New role for AML1/ETO in leukemogenesis

In this issue of Blood, Krejci and colleagues suggest that the transcription factor fusion protein, AML1/ETO (also known as RUNX1/MTG8), which is known to block differentiation in myeloid cells, may also increase DNA damage, adding to its functions in leukemogenesis. The AML1/ETO fusion protein was originally identified 15 years ago as the protein product of the t(8;21) translocation associated with M2 acute myeloid leukemia (AML).¹  The protein acts as a transcriptional regulator by recruitment of nuclear corepressors leading to inhibition of the core binding factor complex, which includes the AML1 protein.²  This inhibition leads to a block in myeloid differentiation, but in vivo, AML1/ETO expression is not sufficient to generate acute leukemia.³  In their article, Krejci and colleagues study the expression of AML1/ETO in primary human CD34 cells.

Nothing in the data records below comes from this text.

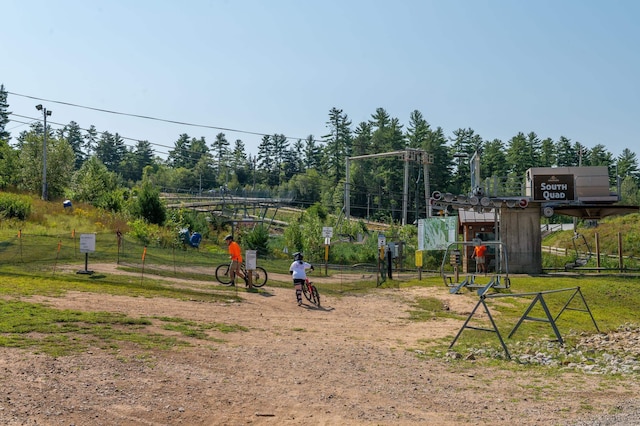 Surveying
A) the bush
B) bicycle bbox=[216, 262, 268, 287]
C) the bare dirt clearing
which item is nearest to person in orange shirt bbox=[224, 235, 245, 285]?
bicycle bbox=[216, 262, 268, 287]

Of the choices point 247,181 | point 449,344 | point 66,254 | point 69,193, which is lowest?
point 449,344

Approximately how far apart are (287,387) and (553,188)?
29.4m

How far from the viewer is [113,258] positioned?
31.2 m

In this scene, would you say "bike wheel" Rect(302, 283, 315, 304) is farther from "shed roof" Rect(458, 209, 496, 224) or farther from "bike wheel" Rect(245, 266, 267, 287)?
"shed roof" Rect(458, 209, 496, 224)

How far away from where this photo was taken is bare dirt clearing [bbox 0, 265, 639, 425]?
31.0ft

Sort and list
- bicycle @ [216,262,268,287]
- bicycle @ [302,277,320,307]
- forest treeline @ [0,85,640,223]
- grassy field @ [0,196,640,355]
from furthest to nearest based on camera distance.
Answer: forest treeline @ [0,85,640,223], bicycle @ [216,262,268,287], bicycle @ [302,277,320,307], grassy field @ [0,196,640,355]

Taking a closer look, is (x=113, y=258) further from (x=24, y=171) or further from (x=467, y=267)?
(x=24, y=171)

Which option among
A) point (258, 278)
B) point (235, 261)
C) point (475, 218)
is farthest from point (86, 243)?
point (475, 218)

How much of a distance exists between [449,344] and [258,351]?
4743 millimetres

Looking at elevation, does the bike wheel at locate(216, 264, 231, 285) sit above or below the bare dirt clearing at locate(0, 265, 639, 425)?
above

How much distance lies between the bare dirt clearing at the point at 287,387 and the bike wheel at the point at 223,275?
31.5 feet

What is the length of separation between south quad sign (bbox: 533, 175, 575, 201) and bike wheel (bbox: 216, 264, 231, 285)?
18.6 m

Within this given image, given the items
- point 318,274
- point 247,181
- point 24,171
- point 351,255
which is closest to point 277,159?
point 247,181

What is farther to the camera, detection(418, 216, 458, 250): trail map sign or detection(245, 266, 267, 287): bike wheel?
detection(418, 216, 458, 250): trail map sign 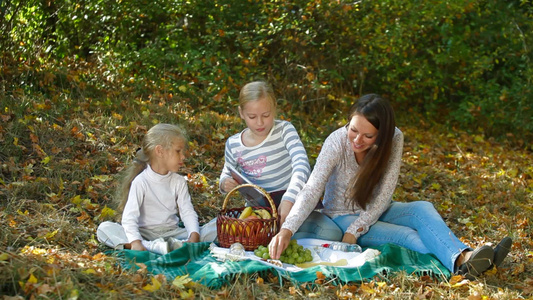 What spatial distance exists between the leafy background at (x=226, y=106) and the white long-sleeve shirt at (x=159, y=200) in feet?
1.33

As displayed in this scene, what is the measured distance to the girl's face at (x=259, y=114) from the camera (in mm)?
4254

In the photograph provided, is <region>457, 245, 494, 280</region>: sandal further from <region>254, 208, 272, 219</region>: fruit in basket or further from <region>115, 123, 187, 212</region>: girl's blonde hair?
<region>115, 123, 187, 212</region>: girl's blonde hair

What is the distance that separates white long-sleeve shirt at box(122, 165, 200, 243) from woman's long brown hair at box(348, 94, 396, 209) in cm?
112

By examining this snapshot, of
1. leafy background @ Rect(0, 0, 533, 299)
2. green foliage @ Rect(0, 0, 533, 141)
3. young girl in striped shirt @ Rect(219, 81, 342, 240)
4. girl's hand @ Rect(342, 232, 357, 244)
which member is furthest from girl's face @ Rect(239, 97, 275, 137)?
green foliage @ Rect(0, 0, 533, 141)

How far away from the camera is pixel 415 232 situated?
4109 mm

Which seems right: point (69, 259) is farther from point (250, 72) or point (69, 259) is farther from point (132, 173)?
point (250, 72)

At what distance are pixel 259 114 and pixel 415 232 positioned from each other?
51.2 inches

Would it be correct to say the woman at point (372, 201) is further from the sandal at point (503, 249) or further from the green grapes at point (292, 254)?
the green grapes at point (292, 254)

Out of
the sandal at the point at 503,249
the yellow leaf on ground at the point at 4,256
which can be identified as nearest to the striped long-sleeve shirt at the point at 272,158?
the sandal at the point at 503,249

They demonstrate that cells expressing AML1/ETO induce expression of a DNA damage response that is p53 dependent, and suggest that the induction of a p53 response is associated with improved prognosis of t(8;21)⁺ AML.

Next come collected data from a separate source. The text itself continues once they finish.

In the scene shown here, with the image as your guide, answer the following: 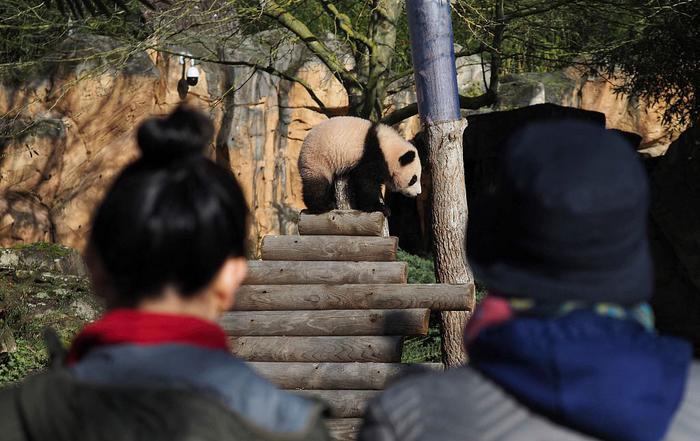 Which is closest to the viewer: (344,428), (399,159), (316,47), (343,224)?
(344,428)

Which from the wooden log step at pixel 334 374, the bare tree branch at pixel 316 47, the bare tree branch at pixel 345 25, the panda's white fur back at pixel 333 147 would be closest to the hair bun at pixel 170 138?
the wooden log step at pixel 334 374

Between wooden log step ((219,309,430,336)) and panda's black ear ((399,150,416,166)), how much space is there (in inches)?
119

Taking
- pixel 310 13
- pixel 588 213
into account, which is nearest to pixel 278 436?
pixel 588 213

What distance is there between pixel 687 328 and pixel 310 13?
8.21m

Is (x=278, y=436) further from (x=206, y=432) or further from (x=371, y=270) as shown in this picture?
(x=371, y=270)

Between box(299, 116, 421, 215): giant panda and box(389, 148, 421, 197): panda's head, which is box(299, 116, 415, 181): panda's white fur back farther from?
box(389, 148, 421, 197): panda's head

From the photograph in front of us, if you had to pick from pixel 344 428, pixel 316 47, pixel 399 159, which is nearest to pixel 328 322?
pixel 344 428

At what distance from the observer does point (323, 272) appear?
22.4 ft

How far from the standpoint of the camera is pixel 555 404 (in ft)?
4.26

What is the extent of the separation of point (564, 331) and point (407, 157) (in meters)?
7.88

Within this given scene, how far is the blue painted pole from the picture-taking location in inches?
240

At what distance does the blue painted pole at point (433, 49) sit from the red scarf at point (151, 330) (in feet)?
16.2

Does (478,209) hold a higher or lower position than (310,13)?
lower

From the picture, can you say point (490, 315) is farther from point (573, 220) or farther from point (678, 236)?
point (678, 236) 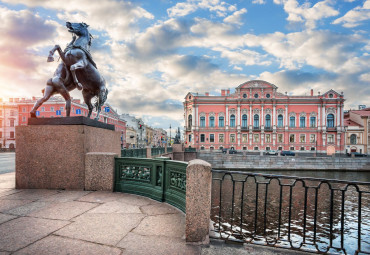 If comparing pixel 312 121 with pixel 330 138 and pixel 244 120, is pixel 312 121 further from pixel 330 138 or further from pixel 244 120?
pixel 244 120

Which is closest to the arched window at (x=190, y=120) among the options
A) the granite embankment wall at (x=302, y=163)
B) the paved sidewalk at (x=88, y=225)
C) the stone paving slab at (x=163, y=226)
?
the granite embankment wall at (x=302, y=163)

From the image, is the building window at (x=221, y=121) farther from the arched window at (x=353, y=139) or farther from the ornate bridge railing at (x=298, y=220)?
the ornate bridge railing at (x=298, y=220)

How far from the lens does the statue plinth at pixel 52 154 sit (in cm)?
469

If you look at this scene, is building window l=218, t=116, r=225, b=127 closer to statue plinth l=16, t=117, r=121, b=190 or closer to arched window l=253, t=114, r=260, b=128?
arched window l=253, t=114, r=260, b=128

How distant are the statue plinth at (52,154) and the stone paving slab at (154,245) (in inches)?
105

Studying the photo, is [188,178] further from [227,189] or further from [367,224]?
[227,189]

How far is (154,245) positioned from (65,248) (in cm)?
95

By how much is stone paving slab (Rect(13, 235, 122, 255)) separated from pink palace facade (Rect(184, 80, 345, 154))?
155ft

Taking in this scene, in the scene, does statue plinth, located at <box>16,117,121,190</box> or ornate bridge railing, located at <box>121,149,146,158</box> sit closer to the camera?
statue plinth, located at <box>16,117,121,190</box>

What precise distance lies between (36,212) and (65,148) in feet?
5.47

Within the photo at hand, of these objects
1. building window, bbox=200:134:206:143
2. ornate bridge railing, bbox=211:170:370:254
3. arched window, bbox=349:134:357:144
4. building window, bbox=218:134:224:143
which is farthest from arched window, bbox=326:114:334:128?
ornate bridge railing, bbox=211:170:370:254

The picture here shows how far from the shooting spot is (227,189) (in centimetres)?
1521

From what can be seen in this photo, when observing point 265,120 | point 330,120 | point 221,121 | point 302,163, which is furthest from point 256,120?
point 302,163

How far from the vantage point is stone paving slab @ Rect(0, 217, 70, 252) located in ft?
7.82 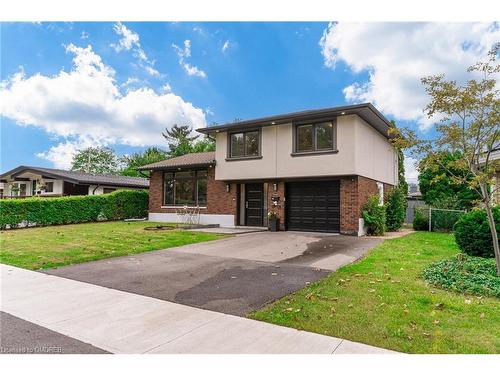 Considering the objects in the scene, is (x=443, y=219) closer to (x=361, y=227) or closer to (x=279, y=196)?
(x=361, y=227)

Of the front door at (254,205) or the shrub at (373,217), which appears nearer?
the shrub at (373,217)

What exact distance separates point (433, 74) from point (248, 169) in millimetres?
9775

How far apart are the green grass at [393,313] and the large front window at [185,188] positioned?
40.1 ft

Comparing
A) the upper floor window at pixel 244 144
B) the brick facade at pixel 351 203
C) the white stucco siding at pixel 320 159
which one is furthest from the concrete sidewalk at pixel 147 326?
the upper floor window at pixel 244 144

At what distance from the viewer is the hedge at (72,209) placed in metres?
16.0

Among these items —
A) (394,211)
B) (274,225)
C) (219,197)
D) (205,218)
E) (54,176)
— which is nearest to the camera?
(274,225)

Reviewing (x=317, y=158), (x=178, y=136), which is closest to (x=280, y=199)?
(x=317, y=158)

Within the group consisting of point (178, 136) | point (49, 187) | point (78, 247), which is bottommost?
point (78, 247)

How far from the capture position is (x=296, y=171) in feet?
45.7

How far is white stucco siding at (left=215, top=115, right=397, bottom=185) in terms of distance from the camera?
12.9 meters

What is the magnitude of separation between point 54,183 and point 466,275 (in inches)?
1039

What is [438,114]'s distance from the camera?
21.3 feet

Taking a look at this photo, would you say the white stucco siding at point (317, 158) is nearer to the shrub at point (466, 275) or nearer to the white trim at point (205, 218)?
the white trim at point (205, 218) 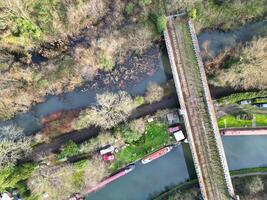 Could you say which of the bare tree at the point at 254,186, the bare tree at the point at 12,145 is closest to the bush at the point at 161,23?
the bare tree at the point at 12,145

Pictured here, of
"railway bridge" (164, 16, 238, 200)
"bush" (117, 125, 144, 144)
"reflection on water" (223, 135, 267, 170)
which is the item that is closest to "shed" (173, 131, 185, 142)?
"railway bridge" (164, 16, 238, 200)

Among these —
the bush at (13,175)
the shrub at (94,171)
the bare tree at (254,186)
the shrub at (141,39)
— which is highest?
the shrub at (141,39)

The authors use retroviral constructs to express AML1/ETO in primary human CD34⁺ cells. As they have previously demonstrated,⁴  expression of AML1/ETO “immortalizes” these cells so that they can be studied over the course of several weeks in culture. Consistent with previous results,⁵  they make the observation that AML1/ETO expression leads to transcriptional down-regulation of genes involved in base excision repair of DNA damage, particularly the genes 8-oxoguanine glycosylase gene (OGG1), and polymerase epsilon gene (POLE).⁵  Importantly, they demonstrate that binding of AML1/ETO is through a RUNX1 binding site, suggesting that regulation of DNA damage-response genes may be a physiologic function of RUNX1. Curiously, although base excision repair is primarily involved in the repair of point mutations in DNA, the authors then demonstrate that AML1/ETO-expressing cells have an increase in DNA double-strand breaks and an up-regulation of p53 expression. Down-regulation of p53 expression with a siRNA approach in AML1/ETO-expressing cells makes the cells more sensitive to ionizing radiation and other DNA-damaging agents. Overall, the study makes a convincing argument that AML1/ETO expression leads to an altered response to spontaneous and induced DNA damage.

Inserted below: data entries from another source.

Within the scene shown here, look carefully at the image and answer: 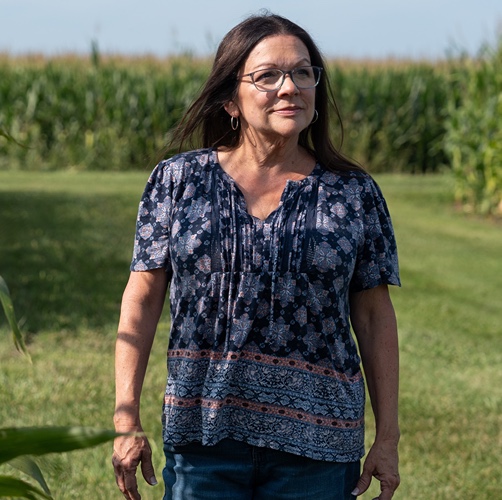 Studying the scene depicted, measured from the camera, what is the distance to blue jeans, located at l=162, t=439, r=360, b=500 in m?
2.41

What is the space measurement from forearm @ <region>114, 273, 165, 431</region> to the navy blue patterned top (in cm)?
7

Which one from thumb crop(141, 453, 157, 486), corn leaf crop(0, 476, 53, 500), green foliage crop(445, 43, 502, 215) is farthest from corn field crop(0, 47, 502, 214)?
corn leaf crop(0, 476, 53, 500)

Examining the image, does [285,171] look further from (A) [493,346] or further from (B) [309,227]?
(A) [493,346]

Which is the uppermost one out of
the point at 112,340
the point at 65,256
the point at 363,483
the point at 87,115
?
the point at 363,483

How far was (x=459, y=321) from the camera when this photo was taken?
7.88 m

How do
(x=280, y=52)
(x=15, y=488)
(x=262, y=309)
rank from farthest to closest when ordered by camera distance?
1. (x=280, y=52)
2. (x=262, y=309)
3. (x=15, y=488)

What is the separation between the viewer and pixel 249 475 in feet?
7.94

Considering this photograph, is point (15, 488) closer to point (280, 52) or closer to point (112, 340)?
point (280, 52)

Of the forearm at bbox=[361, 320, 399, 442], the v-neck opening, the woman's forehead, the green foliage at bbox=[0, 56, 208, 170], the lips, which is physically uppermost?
the woman's forehead

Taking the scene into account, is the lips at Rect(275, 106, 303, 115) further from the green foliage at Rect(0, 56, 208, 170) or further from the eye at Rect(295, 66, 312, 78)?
the green foliage at Rect(0, 56, 208, 170)

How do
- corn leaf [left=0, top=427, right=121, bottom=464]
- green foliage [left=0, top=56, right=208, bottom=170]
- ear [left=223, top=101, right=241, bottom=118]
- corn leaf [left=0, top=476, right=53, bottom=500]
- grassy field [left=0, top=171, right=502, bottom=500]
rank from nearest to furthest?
corn leaf [left=0, top=427, right=121, bottom=464]
corn leaf [left=0, top=476, right=53, bottom=500]
ear [left=223, top=101, right=241, bottom=118]
grassy field [left=0, top=171, right=502, bottom=500]
green foliage [left=0, top=56, right=208, bottom=170]

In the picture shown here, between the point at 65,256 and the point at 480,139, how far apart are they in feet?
24.1

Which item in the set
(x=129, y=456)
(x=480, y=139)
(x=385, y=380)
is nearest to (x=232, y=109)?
(x=385, y=380)

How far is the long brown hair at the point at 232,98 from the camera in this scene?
2.52m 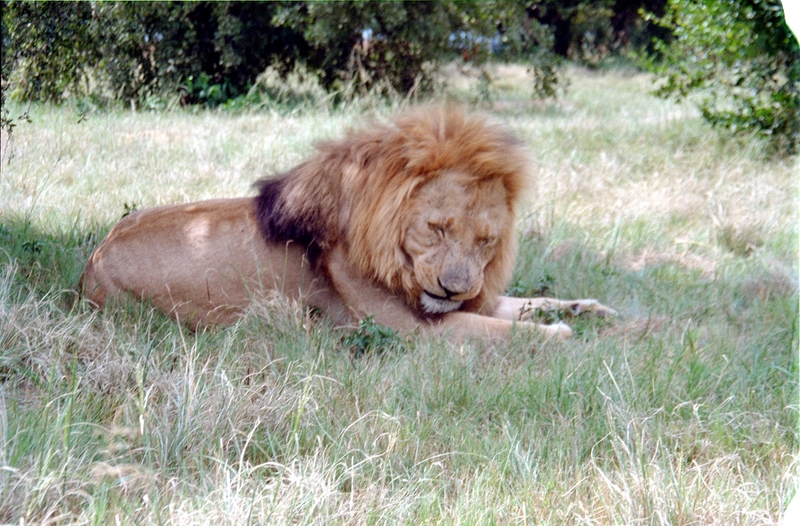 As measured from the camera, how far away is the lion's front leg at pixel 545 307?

How are we to interpret these data in the context of a growing body of data about the multiplicity of functions of AML1/ETO and data about the role of DNA damage responses in hematologic malignancies? The answer to this is unknown, but the data do not support the idea that oncogenes such as AML1/ETO are simple stimulators of cell growth. If these complex proteins lead to development of a “super cell,” they do so by inducing the cells to develop mechanisms to survive stress (a transforming boot camp of sorts). Expression of AML1/ETO actually induces apoptosis in some cells.⁶  The presence of DNA double-strand breaks in these cells may represent the induction of replication stress and DNA breaks during S phase. The data leave unanswered the question of the necessity of this DNA damage-induced stress response for cellular transformation. However, the well-described structure of the AML1/ETO fusion may allow for structure-function studies that will better define the necessities and sufficiencies for transformation induced by this fascinating oncoprotein.